In the spring of 1994 William Eggleston visited Los Angeles to shoot a portfolio of Hollywood. Journalist Kristine McKenna escorted him around town, and they had several in-depth conversations, some in his room at the Chateau Marmont. These are excerpts from those tape-machine recordings, which are compiled in the new book William Eggleston For Now. 

“I guess you could say my childhood was idyllic. My parents had a great respect for art, and two of the first things given to me as a child by my mother were books on Rouault and De Chirico. My parents always encouraged my interest in art, even though they thought a career as an artist was crazy. When I was growing up it was thought I’d be a concert pianist because I could play anything by ear, but a musician has to give his entire life to his work, and I have enough on my hands trying to get people to understand my photographs.” 

“When I was 15 I was sent to a private school that I hated, then I tried a few other schools before ending up at the University of Mississippi in Oxford. I was there for five years studying painting, and the painter I liked the most during that period was Franz Kline. I also liked De Kooning and Pollock. Abstract expressionism was the dominant thing when I was coming of age as an artist, and I went to New York and looked at a lot of that stuff.
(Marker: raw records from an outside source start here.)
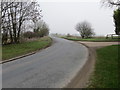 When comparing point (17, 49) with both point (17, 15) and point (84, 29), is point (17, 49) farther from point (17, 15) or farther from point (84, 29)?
point (84, 29)

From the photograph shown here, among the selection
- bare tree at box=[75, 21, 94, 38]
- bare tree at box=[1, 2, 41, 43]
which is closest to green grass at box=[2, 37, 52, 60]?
bare tree at box=[1, 2, 41, 43]

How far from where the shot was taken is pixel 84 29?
64.9 m

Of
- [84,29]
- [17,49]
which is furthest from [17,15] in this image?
[84,29]

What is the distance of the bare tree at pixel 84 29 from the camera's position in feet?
200

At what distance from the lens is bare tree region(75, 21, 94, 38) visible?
200 ft

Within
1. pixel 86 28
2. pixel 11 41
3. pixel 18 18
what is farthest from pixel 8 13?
pixel 86 28

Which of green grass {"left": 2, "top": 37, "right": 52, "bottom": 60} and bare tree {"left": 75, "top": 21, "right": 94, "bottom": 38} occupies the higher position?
bare tree {"left": 75, "top": 21, "right": 94, "bottom": 38}

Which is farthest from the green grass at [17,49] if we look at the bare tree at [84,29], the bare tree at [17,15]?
the bare tree at [84,29]

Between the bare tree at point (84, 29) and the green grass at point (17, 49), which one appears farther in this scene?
the bare tree at point (84, 29)

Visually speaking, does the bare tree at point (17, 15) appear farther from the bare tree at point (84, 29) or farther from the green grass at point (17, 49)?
the bare tree at point (84, 29)

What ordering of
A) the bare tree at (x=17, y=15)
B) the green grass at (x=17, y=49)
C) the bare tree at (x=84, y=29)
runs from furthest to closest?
the bare tree at (x=84, y=29) → the bare tree at (x=17, y=15) → the green grass at (x=17, y=49)

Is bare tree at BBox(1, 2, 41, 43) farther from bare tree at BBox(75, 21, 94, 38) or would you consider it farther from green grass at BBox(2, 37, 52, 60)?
bare tree at BBox(75, 21, 94, 38)

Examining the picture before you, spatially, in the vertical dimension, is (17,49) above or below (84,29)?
below

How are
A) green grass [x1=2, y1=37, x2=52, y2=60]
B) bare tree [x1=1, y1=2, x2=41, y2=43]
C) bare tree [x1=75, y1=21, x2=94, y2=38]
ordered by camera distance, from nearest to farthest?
green grass [x1=2, y1=37, x2=52, y2=60] < bare tree [x1=1, y1=2, x2=41, y2=43] < bare tree [x1=75, y1=21, x2=94, y2=38] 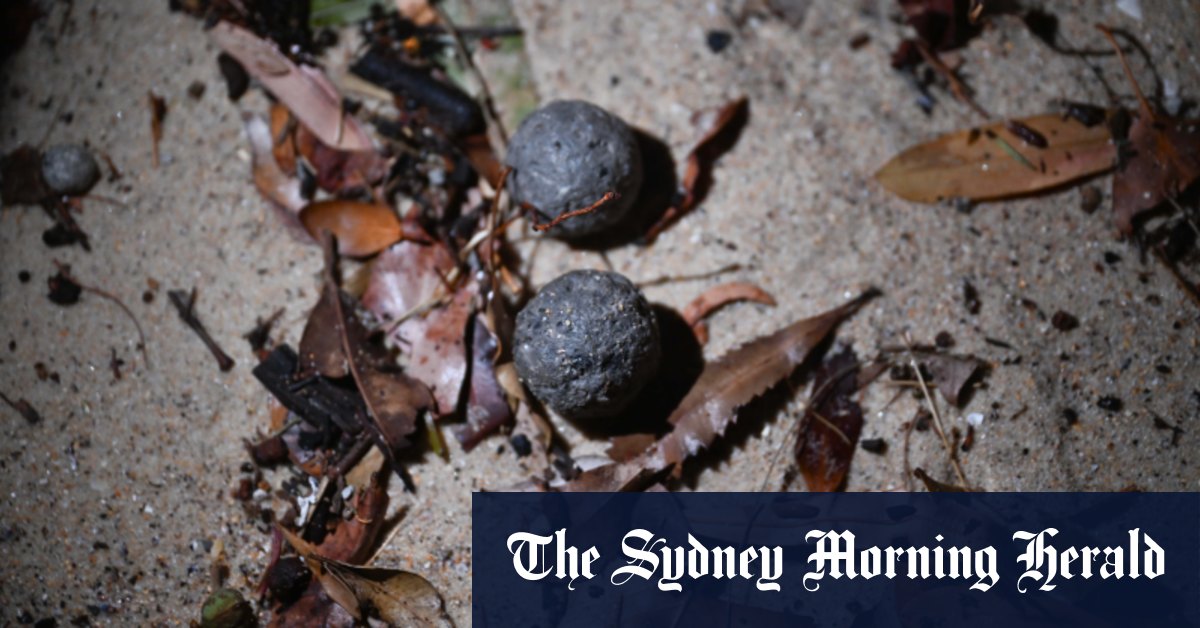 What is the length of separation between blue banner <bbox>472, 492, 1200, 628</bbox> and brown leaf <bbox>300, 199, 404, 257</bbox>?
794 millimetres

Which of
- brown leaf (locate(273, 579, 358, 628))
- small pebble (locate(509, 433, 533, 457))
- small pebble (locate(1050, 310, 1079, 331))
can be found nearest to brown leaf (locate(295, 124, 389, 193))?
small pebble (locate(509, 433, 533, 457))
I was painting abstractions myself at the time, and although most people don’t know this, I’ve never stopped painting. I never got a degree because I couldn’t see any sense in taking tests. I didn’t mind going to classes, but taking a test? For whom? And what would I do with a damn degree anyway? Because I refused to take tests I had to talk the dean into letting me back into school every year, and that was hard because they didn’t think I was particularly talented. At the time I was doing the groundwork for photography, and photography was barely even taught then, much less considered an art form.” 

“When I was ten years old I was given a Brownie camera and I took some pictures of my dog, but they weren’t very good. That left me completely disenchanted with the idea of taking pictures, and I continued to hate it until the late 50s, when a friend in boarding school made me buy a camera. I began to get it. Then I saw a copy of Cartier-Bresson’s book The Decisive Moment, and I really got excited about taking pictures.” 
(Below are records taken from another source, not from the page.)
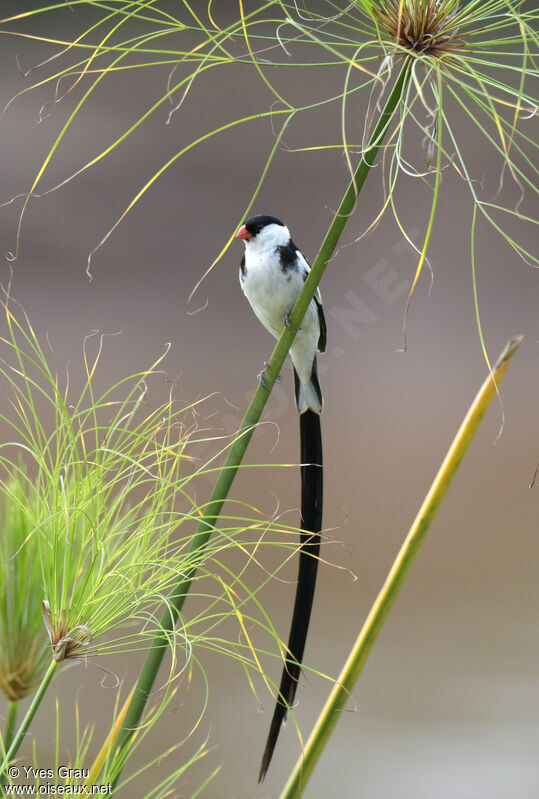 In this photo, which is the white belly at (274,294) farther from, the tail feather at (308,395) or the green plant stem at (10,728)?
the green plant stem at (10,728)

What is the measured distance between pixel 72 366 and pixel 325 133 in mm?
374

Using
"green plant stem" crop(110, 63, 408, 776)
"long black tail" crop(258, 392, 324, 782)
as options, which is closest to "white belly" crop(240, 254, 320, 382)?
"long black tail" crop(258, 392, 324, 782)

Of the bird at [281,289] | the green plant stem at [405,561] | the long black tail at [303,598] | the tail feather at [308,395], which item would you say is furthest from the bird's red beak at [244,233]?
the green plant stem at [405,561]

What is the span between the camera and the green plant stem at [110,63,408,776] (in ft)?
0.90

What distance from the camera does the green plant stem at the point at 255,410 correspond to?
27 centimetres

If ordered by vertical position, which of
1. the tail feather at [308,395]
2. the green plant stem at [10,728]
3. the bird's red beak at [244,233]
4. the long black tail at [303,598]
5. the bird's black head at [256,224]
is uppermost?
the bird's black head at [256,224]

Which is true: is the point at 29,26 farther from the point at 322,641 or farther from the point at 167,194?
the point at 322,641

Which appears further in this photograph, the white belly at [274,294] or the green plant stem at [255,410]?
the white belly at [274,294]

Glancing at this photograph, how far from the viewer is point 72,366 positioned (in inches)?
31.4

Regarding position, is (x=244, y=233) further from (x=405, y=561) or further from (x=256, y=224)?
(x=405, y=561)

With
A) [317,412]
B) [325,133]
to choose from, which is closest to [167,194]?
[325,133]

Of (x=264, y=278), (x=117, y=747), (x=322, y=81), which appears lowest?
(x=117, y=747)

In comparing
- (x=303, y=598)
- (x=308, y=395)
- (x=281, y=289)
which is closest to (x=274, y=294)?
(x=281, y=289)

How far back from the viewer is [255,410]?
0.97 feet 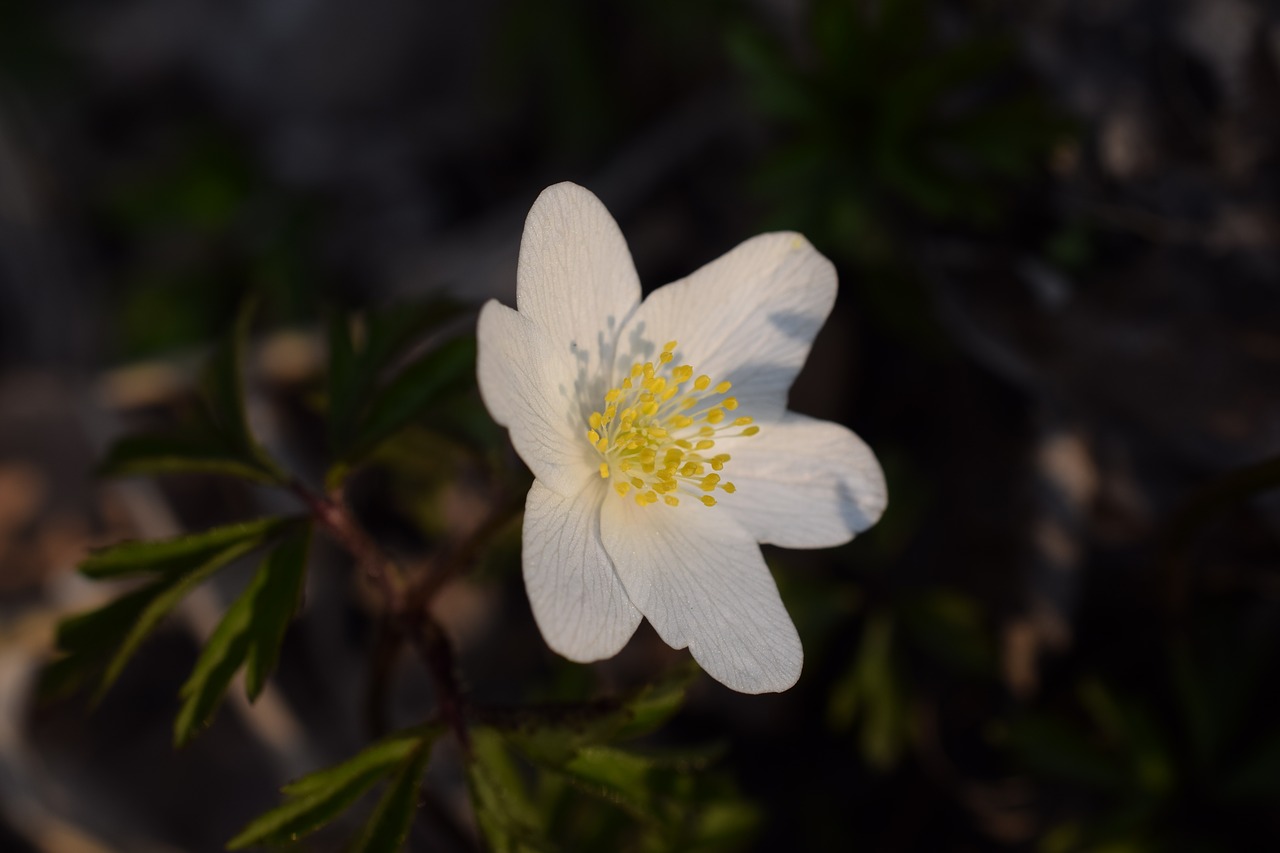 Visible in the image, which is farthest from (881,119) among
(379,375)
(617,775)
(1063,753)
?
(617,775)

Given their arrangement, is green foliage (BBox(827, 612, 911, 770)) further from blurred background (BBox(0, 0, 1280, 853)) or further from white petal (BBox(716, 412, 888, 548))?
white petal (BBox(716, 412, 888, 548))

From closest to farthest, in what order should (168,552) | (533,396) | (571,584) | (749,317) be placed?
(571,584) → (533,396) → (168,552) → (749,317)

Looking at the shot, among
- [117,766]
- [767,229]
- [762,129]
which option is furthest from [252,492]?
[762,129]

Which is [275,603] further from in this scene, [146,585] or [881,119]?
[881,119]

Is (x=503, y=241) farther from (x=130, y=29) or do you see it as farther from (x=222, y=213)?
(x=130, y=29)

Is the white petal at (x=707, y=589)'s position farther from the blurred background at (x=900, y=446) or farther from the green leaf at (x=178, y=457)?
the green leaf at (x=178, y=457)

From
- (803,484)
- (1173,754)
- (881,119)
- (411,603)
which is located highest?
(411,603)

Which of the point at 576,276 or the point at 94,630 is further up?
the point at 576,276

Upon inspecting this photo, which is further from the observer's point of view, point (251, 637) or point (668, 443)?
point (668, 443)

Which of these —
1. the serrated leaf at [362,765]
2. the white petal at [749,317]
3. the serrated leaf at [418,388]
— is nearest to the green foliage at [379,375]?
the serrated leaf at [418,388] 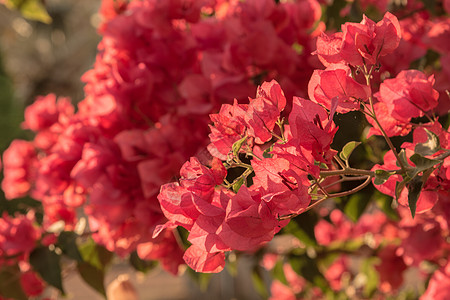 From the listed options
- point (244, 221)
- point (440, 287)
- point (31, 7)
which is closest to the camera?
point (244, 221)

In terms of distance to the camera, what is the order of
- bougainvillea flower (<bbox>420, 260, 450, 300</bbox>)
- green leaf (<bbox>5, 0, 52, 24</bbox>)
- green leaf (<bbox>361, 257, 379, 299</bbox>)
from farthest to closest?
green leaf (<bbox>361, 257, 379, 299</bbox>), green leaf (<bbox>5, 0, 52, 24</bbox>), bougainvillea flower (<bbox>420, 260, 450, 300</bbox>)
"I don’t see many movies, but there were a few films where the color was used brilliantly, and they made a big impression on me—Alfred Hitchcock’s North By Northwest and [Arthur Penn’s] Bonnie and Clyde are the two I’m thinking of in particular. Something clicked in me when I saw those films—maybe it was just one minute out of the whole movie. During the same period that I was thinking about those films, I had a friend who had a job working nights at a photography lab where they processed snapshots, and I’d go visit him because we were both night owls. I started looking at these pictures coming out—they’d come out in a long ribbon—and although most of them were accidents, some were absolutely beautiful, so I started spending all night looking at these ribbons of pictures. I was particularly struck by a picture of a guy who worked for a grocery store, pushing a shopping cart out in the late-afternoon sun. I figured if amateurs working with cheap cameras could do this, I could use good cameras and really come up with something. I had a natural talent for organizing colors—not putting all the reds in one corner, for instance. Essentially what I was doing was applying intelligent painting theory to color photography.” 

“People just hit the roof when my pictures where shown at the Museum of Modern Art, New York, in 1976. That surprised me, too, because the work was in such a hallowed institution. Everybody screamed, “This isn’t art! Why is this in a museum?” I’d intentionally constructed the pictures to make them look like ordinary snapshots anyone could’ve taken, and a lot of that had to do with the subject matter—a shopping center parking lot, for instance. Because the pictures looked so simple a lot of people didn’t notice that the color and form were worked out, that the content came and went where it ought to—that they were more than casual pictures. People say I “shoot from the hip,” but that’s not really how I work. When I look at something it registers on my mind so clearly that I can be loose when I shoot the picture. I always take just one picture of something, and I’ve never staged a photograph in my life, and never needed to because there are pictures everywhere. If I’m ever in a place I think is impossible to photograph, I remember something Garry Winogrand told me. He said, ‘Bill, you can take a good picture of anything,’ and that’s always stuck with me.”

“My work has been described as documenting a vanishing South, but that was never something I was conscious of. When I was taking the pictures those critics are probably referring to, as far as I knew those things were there for good. I didn’t know that five years later this incredible Coke sign would be replaced by a 7-Eleven. That possibility never dawned on me, because up until the 60s the South looked pretty much as it had during the Depression. But from the 60s on it became a different ball game, and it’s unrecognizable today from what it was. Have you been to the South lately? It’s not ‘interesting’ bad like LA—it just looks like a bunch of idiots put the place together.” 

“I’ve never understood why people describe my work as romantic, because I don’t romanticize the world. If you could turn back time and look at a place as it was when I photographed it, I think the picture and the place would look pretty much the same. I’ve never felt the need to enhance the world in my pictures, because the world is spectacular enough as it is.”